Kolejni ludzie giną, a odpowiedzialne za tę śmierć osoby w dalszym ciągu rządzą naszym życiem. Od realnej śmierci gorsze jest widmo potwora, który się czai, czyli PiS-u i w ogóle wszystkich, którzy krytykują władzę (oszołomów). Wyborcy PO będą powtarzali, że głosują dla jaj. Nie będą sobie zdawali sprawy, że te jaja to śmierć ich matki, która nie mogła kupić leków na raka, bo jakiś jajcarz nie przewidział ich refundacji.
Stankiewicz dodaje:
Przez 20 lat udało się wyhodować człowieka odpornego na fakty, a podatnego na manipulacje. Sektę. Która wbrew faktom, wbrew prawom fizyki, wbrew temu, co widzi na własne oczy, będzie zaprzeczała i wiernie stała na straży guru Donalda Tuska, aż do samounicestwienia. (...) Przypuszczam, że psychologowie mają podobne doświadczenia w rozmowach z uzależnionymi członkami sekt. I to do nich należałoby się zwrócić o poradę, jak w tej sytuacji przeprowadzić detoksykację. Na pewno każdy z nich kazałby w pierwszej kolejności odstawić toksyny. Może nie nagle, tylko stopniowo, żeby nie było zbytniego szoku. W tym wypadku toksyny to środki masowej propagandy władzy. Czyli reżimowe przekaziory, media ufundowane na pieniądzach po układzie okrągłostołowym, który z perspektywy historii wydaje się coraz bardziej gangsterski.
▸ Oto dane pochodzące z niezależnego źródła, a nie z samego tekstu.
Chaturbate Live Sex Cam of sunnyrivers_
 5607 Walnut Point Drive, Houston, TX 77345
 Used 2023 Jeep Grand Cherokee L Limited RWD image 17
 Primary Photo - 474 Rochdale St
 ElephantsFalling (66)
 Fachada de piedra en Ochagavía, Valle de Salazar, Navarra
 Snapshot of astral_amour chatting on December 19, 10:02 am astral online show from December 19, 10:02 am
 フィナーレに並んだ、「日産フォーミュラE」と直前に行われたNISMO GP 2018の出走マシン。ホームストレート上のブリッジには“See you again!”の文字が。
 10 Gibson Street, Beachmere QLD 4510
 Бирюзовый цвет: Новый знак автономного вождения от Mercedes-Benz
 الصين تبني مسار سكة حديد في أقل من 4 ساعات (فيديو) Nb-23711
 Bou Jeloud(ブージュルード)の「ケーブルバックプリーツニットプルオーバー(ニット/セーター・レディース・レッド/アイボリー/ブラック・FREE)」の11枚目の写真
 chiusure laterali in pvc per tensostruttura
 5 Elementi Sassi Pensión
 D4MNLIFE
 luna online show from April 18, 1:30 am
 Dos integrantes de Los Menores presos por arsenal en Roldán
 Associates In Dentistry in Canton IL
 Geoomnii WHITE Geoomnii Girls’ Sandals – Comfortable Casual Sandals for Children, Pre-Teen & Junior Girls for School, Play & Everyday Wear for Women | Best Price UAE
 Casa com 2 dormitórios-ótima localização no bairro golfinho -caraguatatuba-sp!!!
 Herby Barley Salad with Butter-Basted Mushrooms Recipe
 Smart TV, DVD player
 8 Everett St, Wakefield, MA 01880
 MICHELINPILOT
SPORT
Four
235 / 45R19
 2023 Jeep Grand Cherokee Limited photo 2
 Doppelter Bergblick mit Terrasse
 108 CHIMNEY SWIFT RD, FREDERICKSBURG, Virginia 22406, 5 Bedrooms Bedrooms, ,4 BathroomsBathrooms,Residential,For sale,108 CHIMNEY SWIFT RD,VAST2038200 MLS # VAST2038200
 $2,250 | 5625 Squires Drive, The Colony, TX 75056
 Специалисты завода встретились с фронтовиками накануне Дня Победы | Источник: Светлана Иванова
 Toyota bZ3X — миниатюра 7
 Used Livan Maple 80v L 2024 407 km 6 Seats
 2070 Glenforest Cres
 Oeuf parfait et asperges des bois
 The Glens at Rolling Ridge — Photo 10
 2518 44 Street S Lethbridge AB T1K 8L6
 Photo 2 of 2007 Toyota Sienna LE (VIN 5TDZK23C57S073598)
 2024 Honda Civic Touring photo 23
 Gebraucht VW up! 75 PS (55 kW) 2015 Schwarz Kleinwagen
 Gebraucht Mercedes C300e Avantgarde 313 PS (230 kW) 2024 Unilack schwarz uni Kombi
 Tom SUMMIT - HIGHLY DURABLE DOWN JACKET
Publicystka pisze o śmierci generała Petelickiego:
Tymczasem pod osłoną wrzasku igrzysk znika fizycznie następna osoba w Polsce, gen. Sławomir Petelicki. Znów przypadkiem jest to koniec tygodnia, tak że sekcja zwłok będzie prawdopodobnie najwcześniej w poniedziałek, aby ewentualne toksyny mogły zniknąć. To kolejne z serii samobójstw osób publicznych za „rządów miłości” Donalda Tuska. Tak się składa, że znów był to ktoś, kto ujawniał patologię władzy i alarmował o demontażu państwa. (...) Nie ma człowieka, nie ma krzyku, nie ma sprawy.